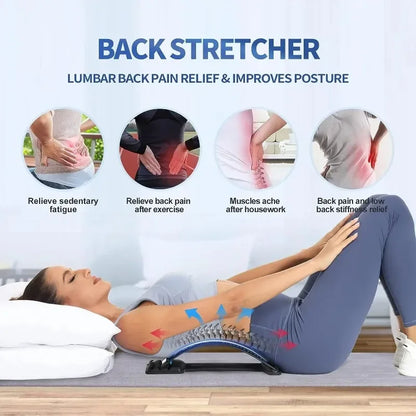 Lumbar Back Stretcher Massager for Spine Pain Relief Vertebral Relaxer Lower Back Traction Waist Correction - Spinal Health Aid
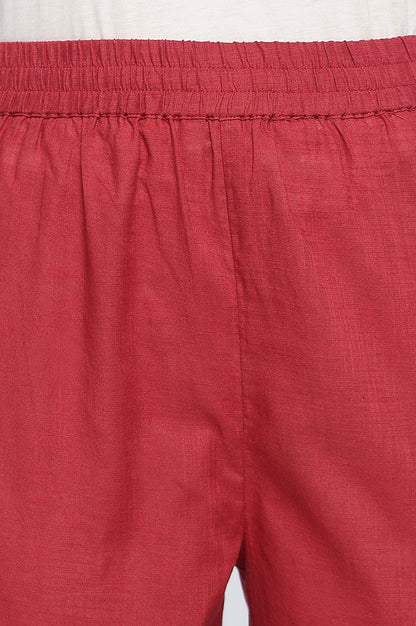 Garnet Red Printed Pure Cotton Flared Kurta, Straight Pant and Dupatta Set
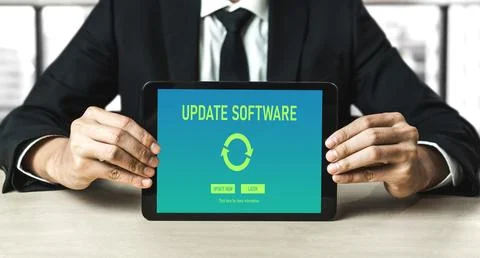 Software update on computer for modish version of device software Foto stock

### [Task to complete]
Copy out the data exactly and keep the pictures out.

### [Solution]
 Lumbar Back Stretcher Massager for Spine Pain Relief Vertebral Relaxer Lower Back Traction Waist Correction - Spinal Health Aid
 Garnet Red Printed Pure Cotton Flared Kurta, Straight Pant and Dupatta Set
 Software update on computer for modish version of device software Foto stock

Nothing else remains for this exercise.